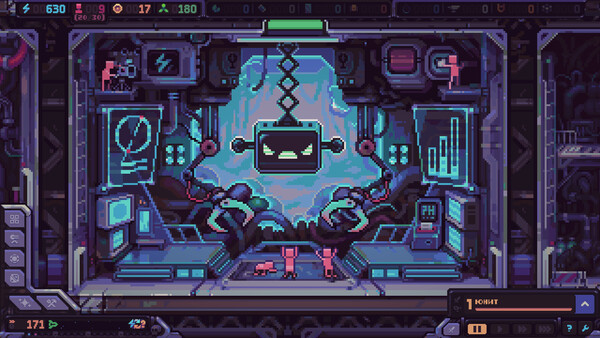 Скриншот 1 из игры Hull Rupture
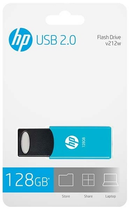 HP v212w 128GB USB 2.0 Blue/Black (HPFD212LB-128) - obraz 4
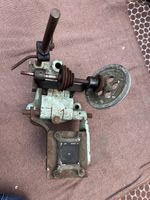 vintage hand-cranked cast-iron workshop tool,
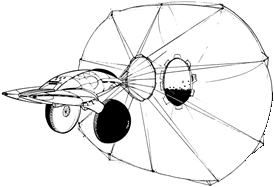 Fredasa Corvette/Raider line art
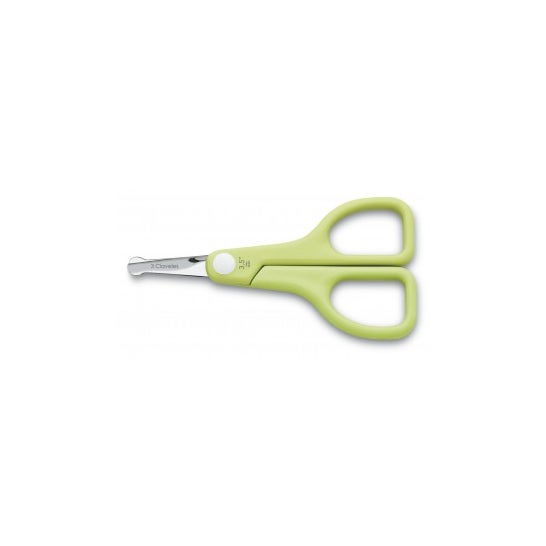 3 Claveles Tijera Bebé Inox A.B.S 3.5'' 9 cm 1 ud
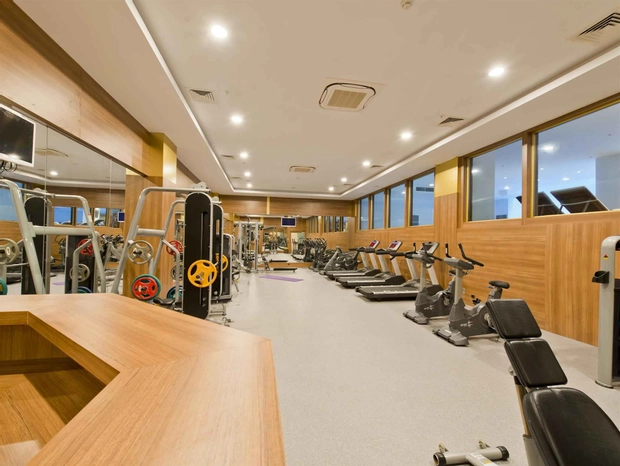 Fitness Salonu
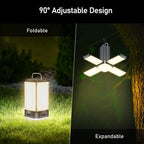 Blukar Camping Lantern Rechargeable 2000L Lights Lamp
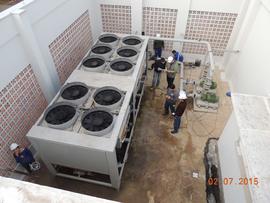 Construção Prédio Biblioteca, TI e Arquivo – Campus Chapecó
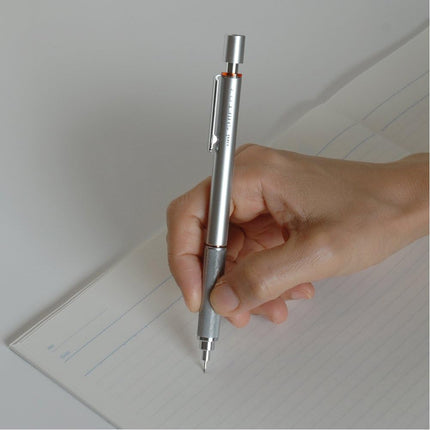 uni Mitsubishi Pencil Mechanical Pencil, SHIFT, 0.7mm, Silver, M7-1010, M71010.26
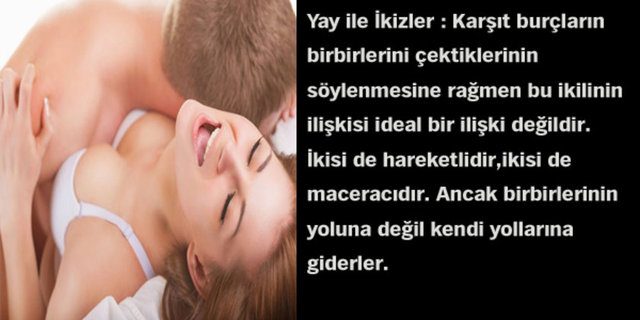 Astrolojik cinsel çekim raporunuz!
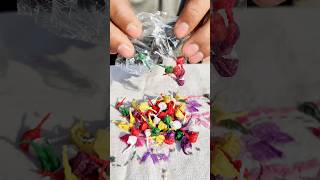 Making Pop Cracker Ball 😱 ।। How To Make Pop Ball shorts pop making [upl. by Nevah]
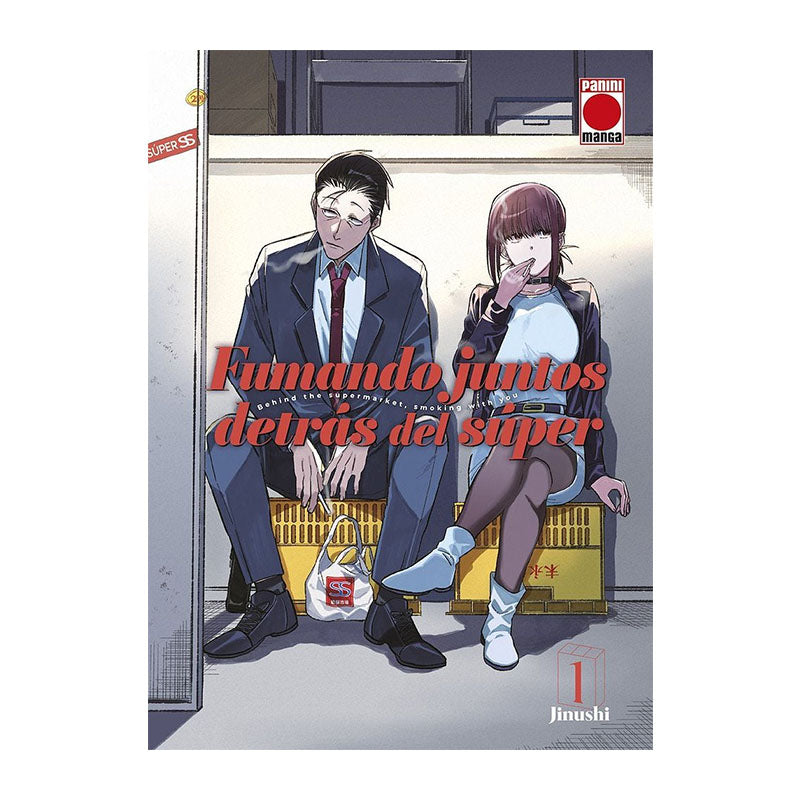 FUMANDO JUNTOS DETRAS DEL SUPER 01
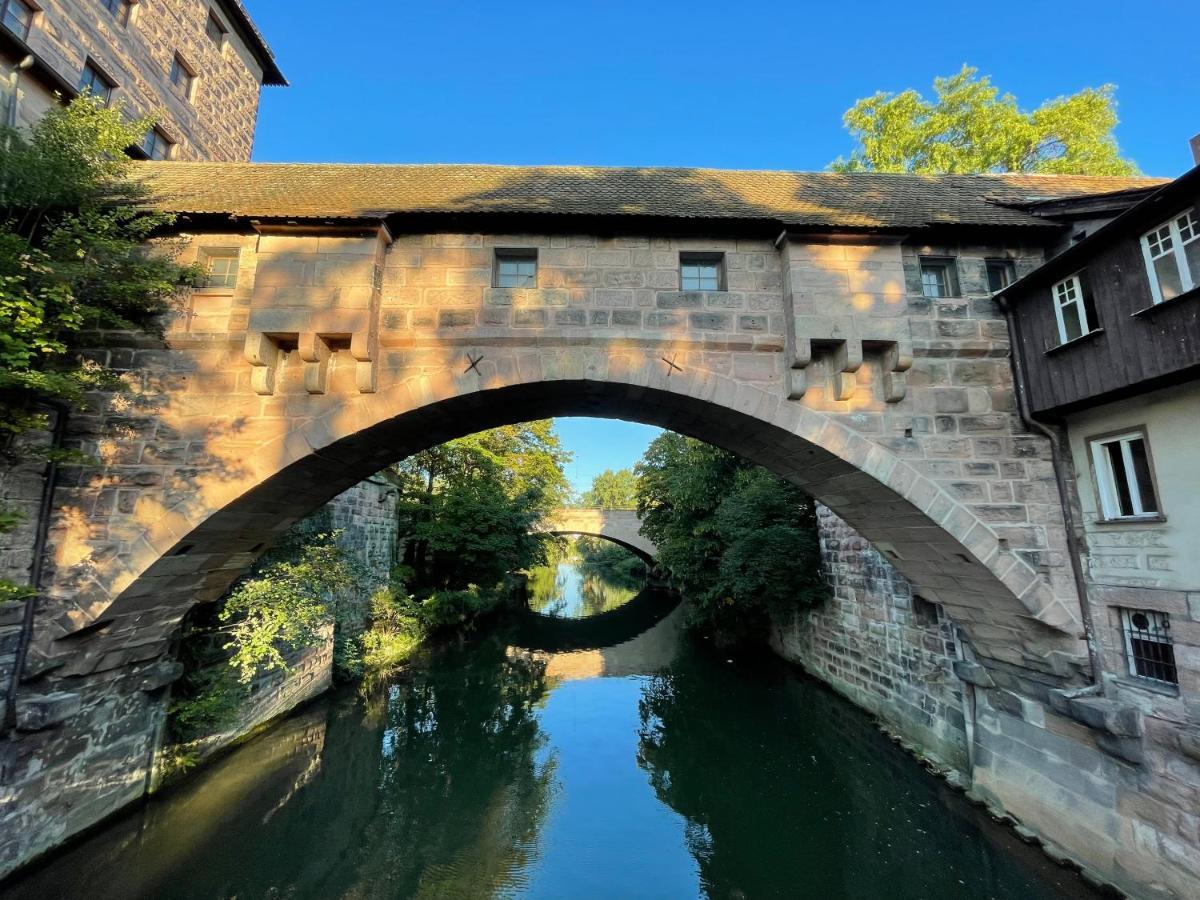 Messeapartment An Der Altstadtmauer Norimberk Exteriér fotografie
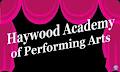 Haywood Academy of Performing Arts logo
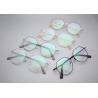 Buy cheap Fashion Metal Frame Eyeglasses Unisex Full Rim Frame Metal Optical from wholesalers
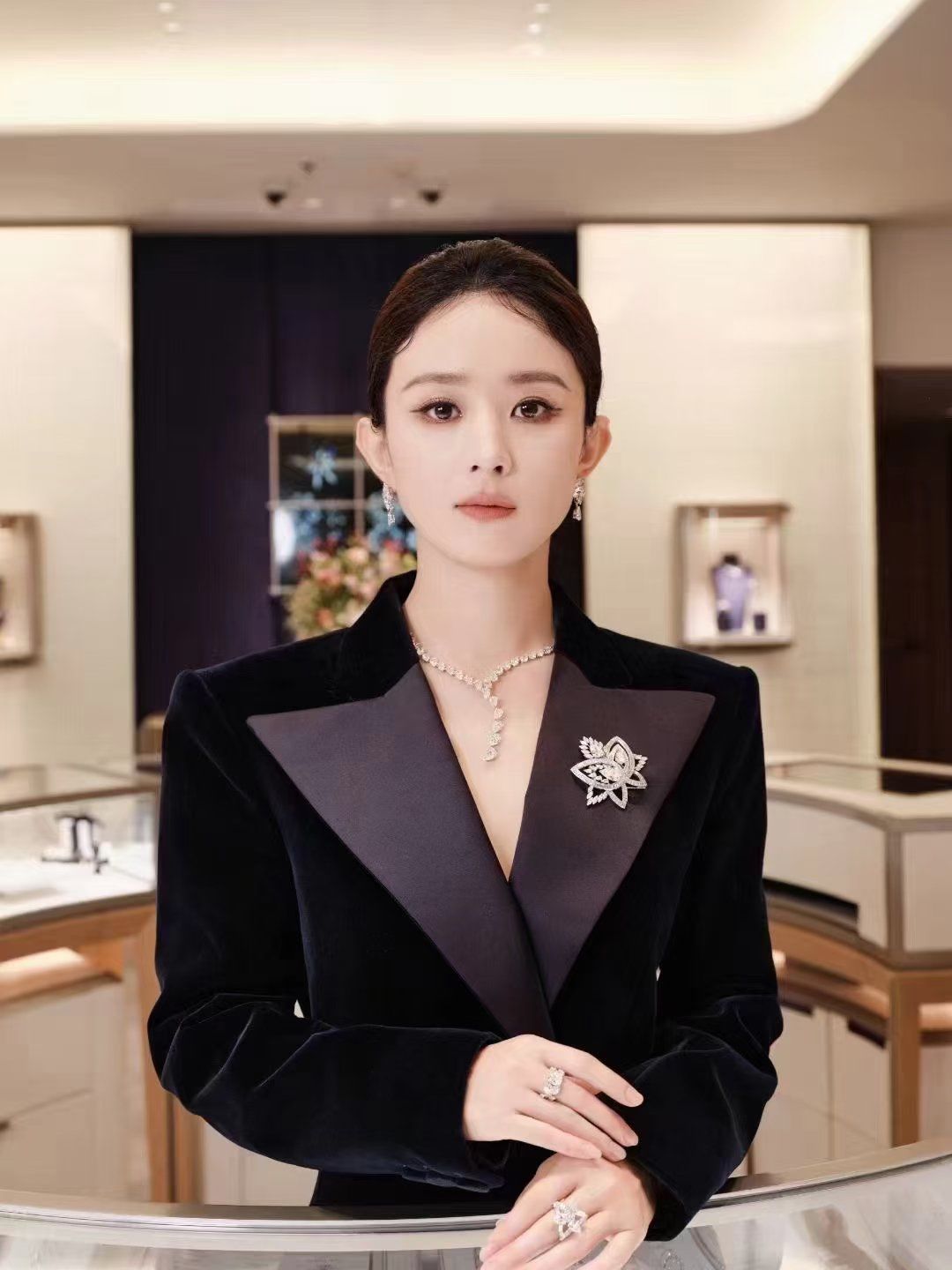 明星穿西服 美出天花板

:::

Can you retype every record above exactly, leaving out the pictures?

 Скриншот 1 из игры Hull Rupture
 HP v212w 128GB USB 2.0 Blue/Black (HPFD212LB-128) - obraz 4
 vintage hand-cranked cast-iron workshop tool,
 Fredasa Corvette/Raider line art
 3 Claveles Tijera Bebé Inox A.B.S 3.5'' 9 cm 1 ud
 Fitness Salonu
 Blukar Camping Lantern Rechargeable 2000L Lights Lamp
 Construção Prédio Biblioteca, TI e Arquivo – Campus Chapecó
 uni Mitsubishi Pencil Mechanical Pencil, SHIFT, 0.7mm, Silver, M7-1010, M71010.26
 Astrolojik cinsel çekim raporunuz!
 Making Pop Cracker Ball 😱 ।। How To Make Pop Ball shorts pop making [upl. by Nevah]
 FUMANDO JUNTOS DETRAS DEL SUPER 01
 Messeapartment An Der Altstadtmauer Norimberk Exteriér fotografie
 Haywood Academy of Performing Arts logo
 Buy cheap Fashion Metal Frame Eyeglasses Unisex Full Rim Frame Metal Optical from wholesalers
 明星穿西服 美出天花板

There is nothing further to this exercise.